A few weeks ago I wrote a post about what I referred to as status updating and digital publishing:

So on the one hand there is status updating (an increasingly popular, real time–oriented form of online social communication and content creation/sharing) and on the other there is digital publishing (producing larger units of content like long blog posts or things resembling articles that appear in print).

Status updating is a more recent development than digital publishing. For evidence of this just compare the 2004 and 2008 presidential elections. Both saw plenty of blogging (both by private individuals and by professionals on behalf of publications), but only 2008 saw a huge role for realtime communications (again, and perhaps even more surprisingly, both in terms of individuals and organizations). The previous post linked to above also has some compelling numbers on this questions.

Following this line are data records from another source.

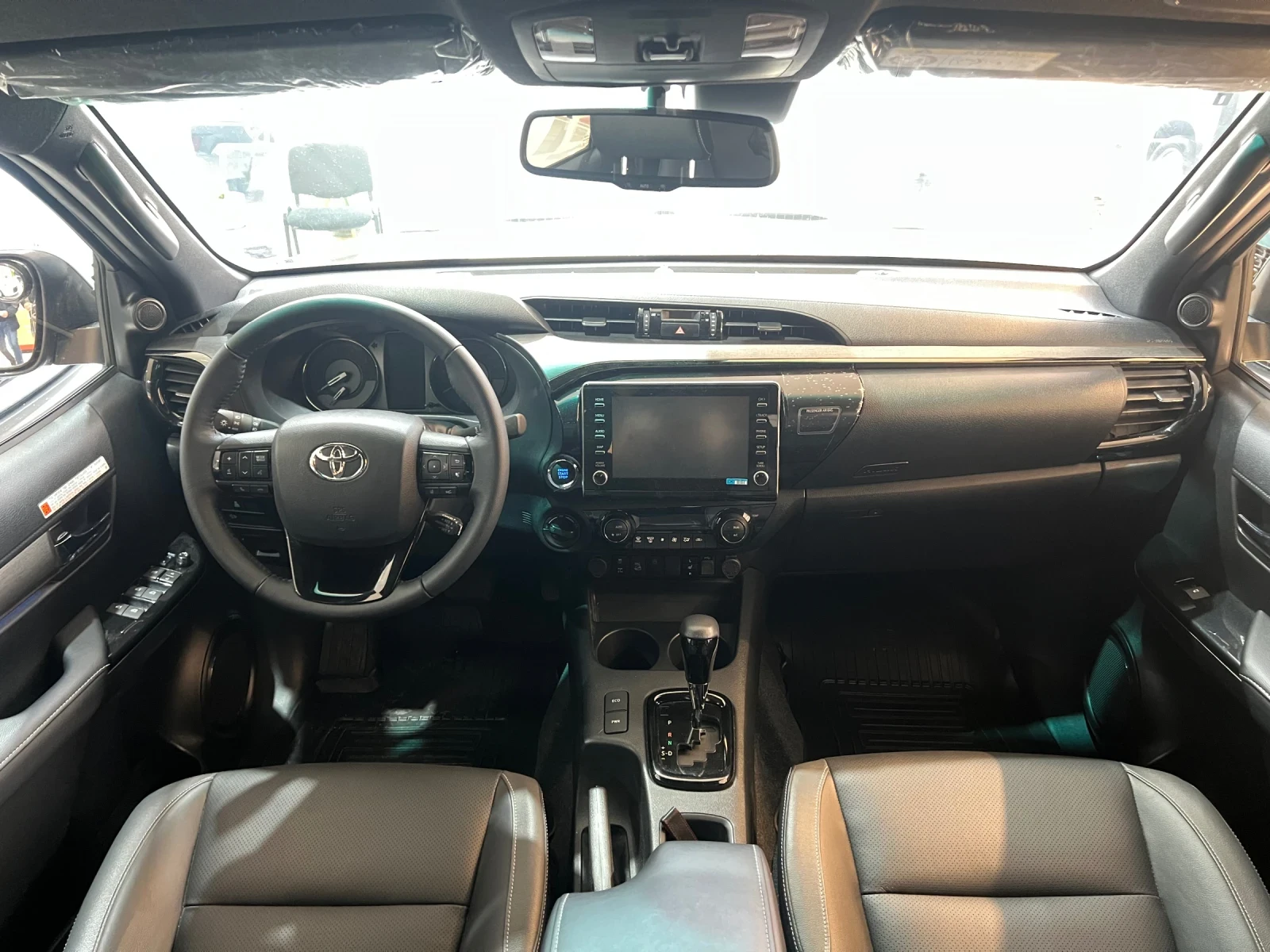 Toyota Hilux INVINCIBLE N1 | Mobile.bg   11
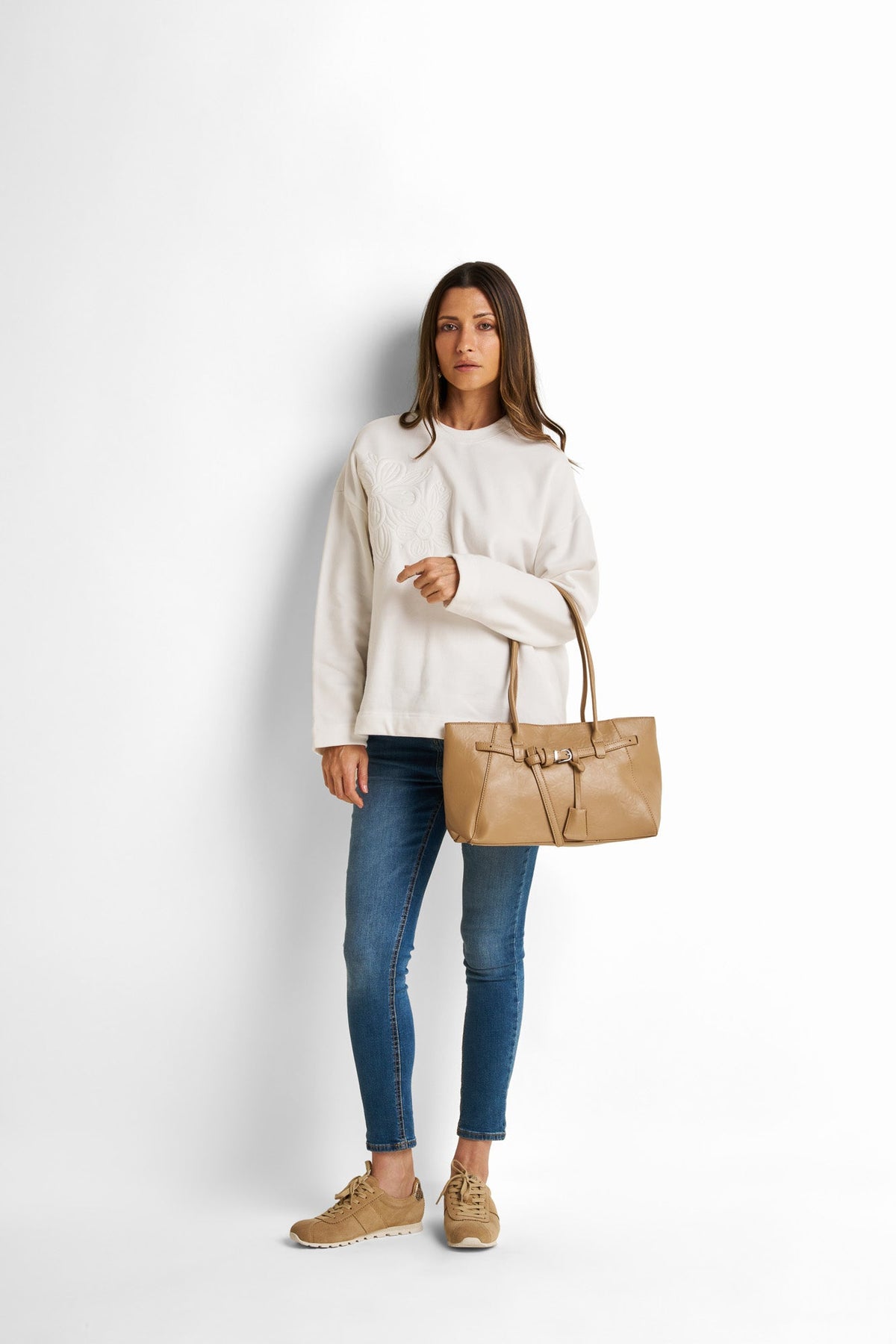 Strucured leather Tote bag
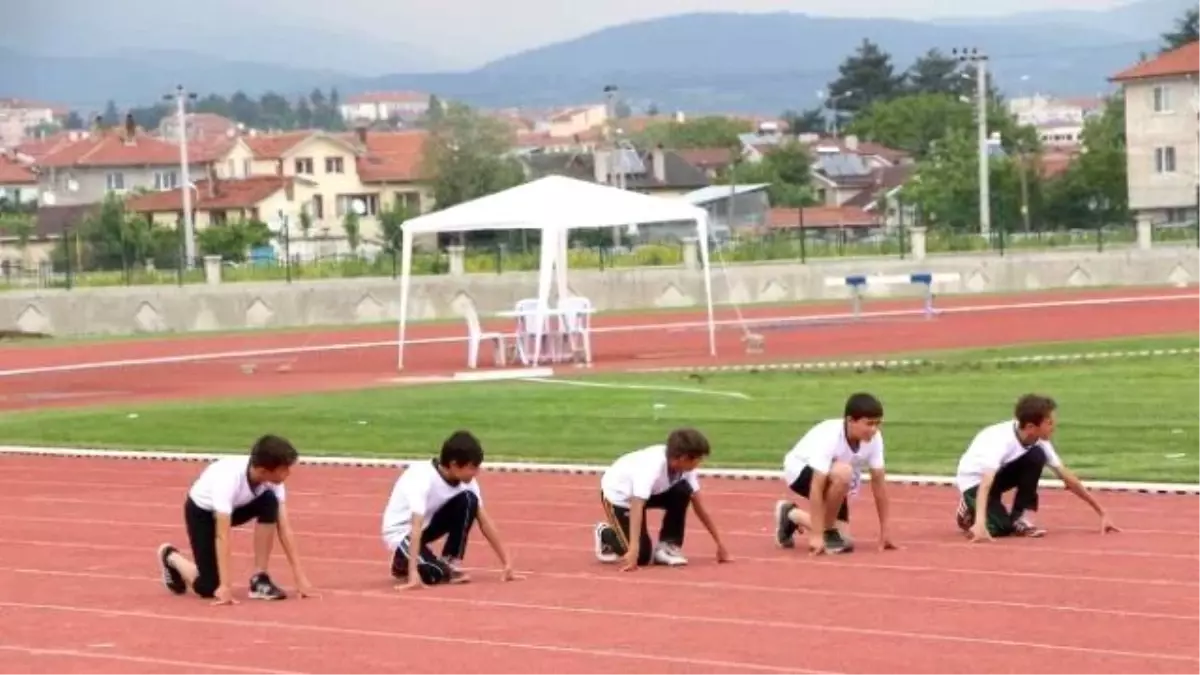 Bolu\'da " Atletizmle Geleceğe Projesi" Ödül Töreni Yapıldı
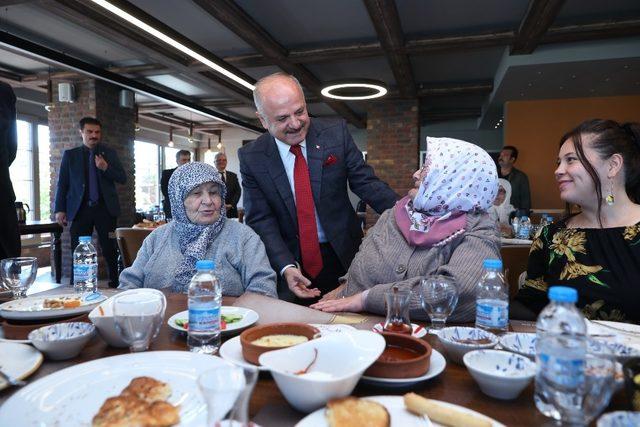 Vali Çakacak’tan huzurevi sakinlerine ziyaret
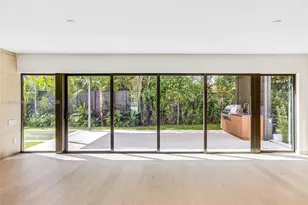 72 W Shore Dr W, Miami, FL 33133 - Photo 27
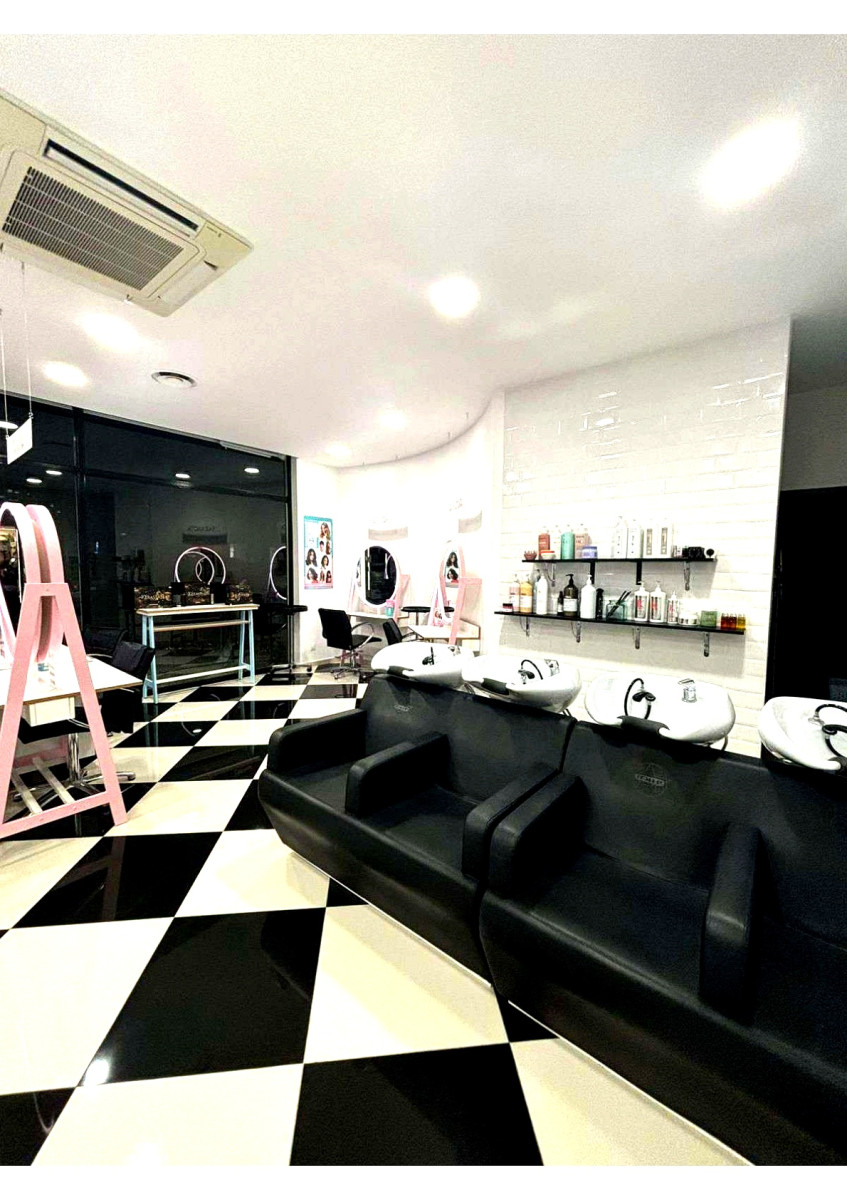
                                                Vente
                                                 MEYZIEU – SALON DE COIFFURE CLÉ EN MAIN – 108 M² – CA 282 600 €
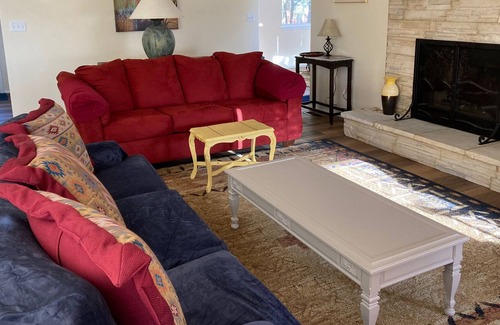 Ruidoso House | Newly renovated casa - AC, Wi-Fi, cable, Sierra Blanca views, close to downtown.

And all this realtime stuff has gotten a lot of attention, particularly from people who think about the evolution or technology and its social implications. Nick Carr, for instance, started a series of blog posts called “The Realtime Chronicles” almost a year ago in which he (somewhat facetiously) announced that “Real time is realtime“:

I’m glad to see that “realtime” is officially one word now rather than two. It’s an update long overdue. That space between “real” and “time” had become an annoyance. Looking at it was like peering into a black hole of unengaged consciousness, a moment emptied of stimulus. It was more than an annoyance, actually. It was an affront to the very idea of realtime. As soon as you divide realtime into real time it ceases to be realtime. Realtime has no gaps. It’s nonstop. It runs together.[...]

Realtime is our natural state – it’s what we share with the other animals – and now at last we’re going back to it. Listen to the birds. They’ll tell you all you need to know: realtime is a stream of tweets. Yesterday, when he announced the twitterification of Facebook, the realtiming of the social network, Mark Zuckerberg said, “We are going to continue making the flow of information even faster.” The first one to remove all the spaces wins.

I think Carr may have been a bit premature, but only slightly. Realtime arrives for real when the technology is in place to make that flow Zuckerberg describes really and truly fluid. That’s finally starting to happen, though it’s still sort of around the bend for the vast majority of users.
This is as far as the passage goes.